The round has him 8-under-par through 36 holes of the Farmers Insurance Open, seven back of leader Justin Rose but feeling practically buoyant about putting that has often been a struggle since the 2016 anchoring ban.

While playing partners Rickie Fowler and Rory McIlroy putted with the pin in, Scott used a claw grip with a traditional putter and only once —mistakenly — putted out at Torrey Pines with the stick in.

For as much as he laments the decision to ban anchoring, Scott has no problem crediting the new Rules of Golf for freeing up his stroke.

“I’m learning as I go, trying to be objective to see if there’s benefit in it,” he said after his second straight 28-putt round. “Some of it’s psychological and more than just the pure science. I don’t know if that’s even provable.”

What can be proven: Scott the putting-tinkerer is 14th in Strokes Gained Putting through two rounds and sounds confident on putts five feet and in, but also in using the flagstick to help with reading putts.
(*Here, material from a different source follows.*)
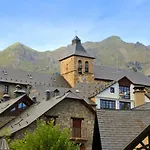 Atico Miraestrela: Duplex Con Vistas A Sallent *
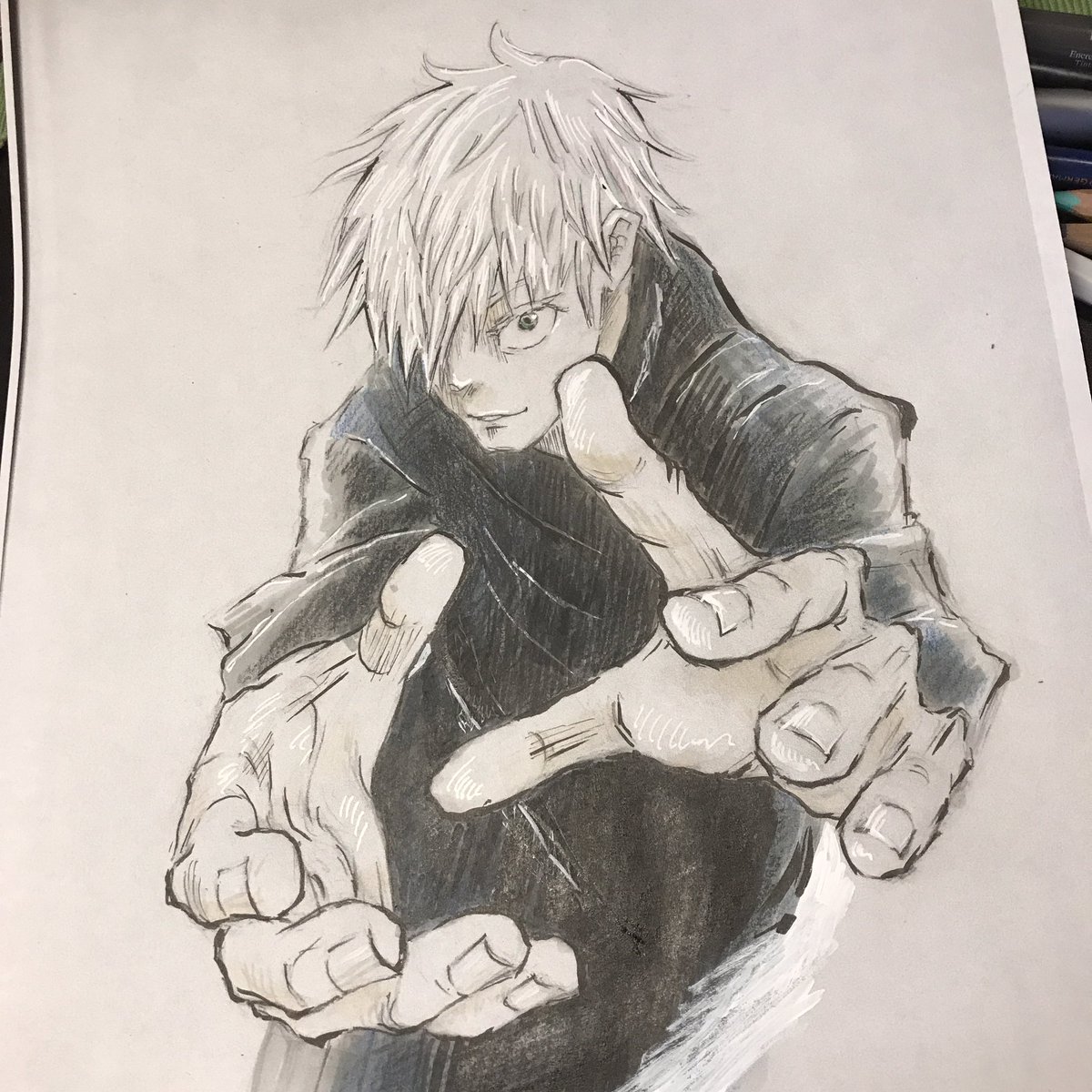 Sol 高専2年生時代の 五条悟 を描いる途中 不慣れなマーカーで失敗 色鉛筆で誤魔化してさらに失敗 そもそもポーズと衣服がわからないのが問題でした 五条悟イラスト 呪術廻戦 アナログ画 呪術廻戦絵描きさんと繋がりたい アナログ絵描きさんと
“It’s like there’s a backboard there,” Scott said. “If it’s a breaking putt or if it’s a straight putt, I can aim at [the flagstick] running off the vertical in the dead center of the hole. It’s a nice reference. If it’s a breaking putt halfway between, it’s easier to identify, “Oh it’s that’s left edge, that’s left center,” so the line is in between those two.”

Playing behind Scott for two days, Tiger Woods was noticeably intrigued by the sight of Scott putting with the flagstick in. He’s not as committed to the notion. Yet.

“I’ve talked to some of the guys who are using it all the time like Bryson (DeChambeau) and they’ve for some reason, I guess when you’re younger, it’s easier to make a change, you haven’t been playing under these rules for such a long period of time.”

For Adam Scott, the new rules are making a longtime tinkerer feel young again.